So I experimented with the doggy door issue today. This morning, I moved the door into the bedroom slider. Sydney was sleeping. Oliver didn't like it. In fact, the doggy doorway itself is a bit obstructed in the bedroom, and he has to kinda twist a bit to get through, but he managed it. Of course, I had to bribe him with treats to get him to enter or exit through the door. Sydney and I went out to run some errands and play at Gymboree. We returned home to find that Oliver hadn't gone out the door once since that morning, and that he was pretty much refusing to have anything to do with it. He would whine at the living room slider to get out. Because I have guilt about his life being changed so much by the arrival of Sydney, I got up and let him out and in ... and gave him a treat every time.

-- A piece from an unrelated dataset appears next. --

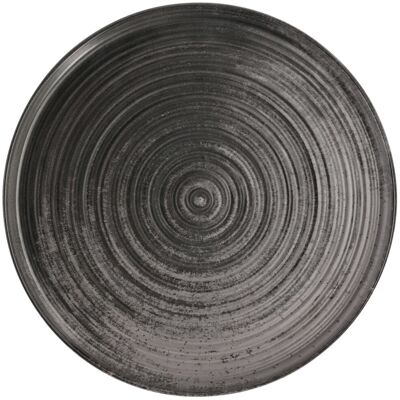 VEGA Teller flach mit Rand Etana; 24x1.1 cm (ØxH); grau; rund; 6 Stück / Pack VEGA Teller flach mit Rand Etana; 24x1.1 cm (ØxH); grau; rund; 6 Stück / Pack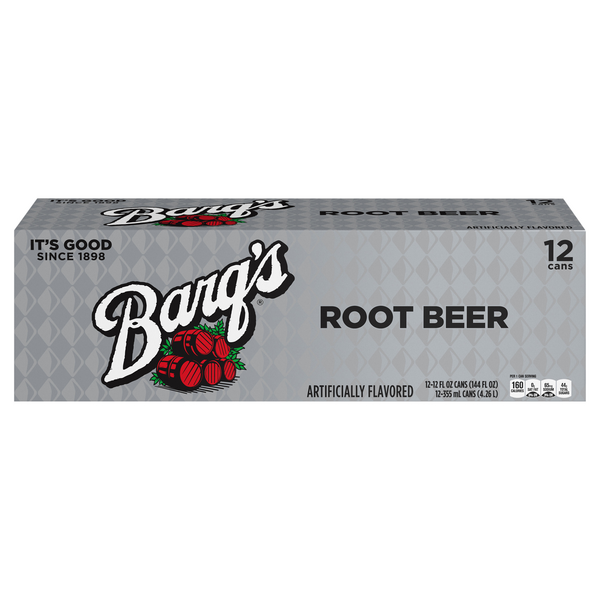 Barq's Root Beer Soda - 12 pk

After the third trip across the room, I had a moment: "Why should I," I asked myself, "get up and let him out every time he wants if it's what I would be doing if the doggy door was out here with the door blocked? Why not just return the doggy door and allow him the freedom at night and in the morning, at least? Make it an inconvenience for me throughout the day, sure, but small price to pay for keeping the baby from crawling out onto the balcony."
I returned the door, and now, everyone is happy: Sydney can't get out during the day (me happy), Sydney can't get in trouble for getting out during the day (Sydney happy), and Oliver has his door in the living room where, he tells me, "It should have stayed all day anyway, Mom," (Oliver happy).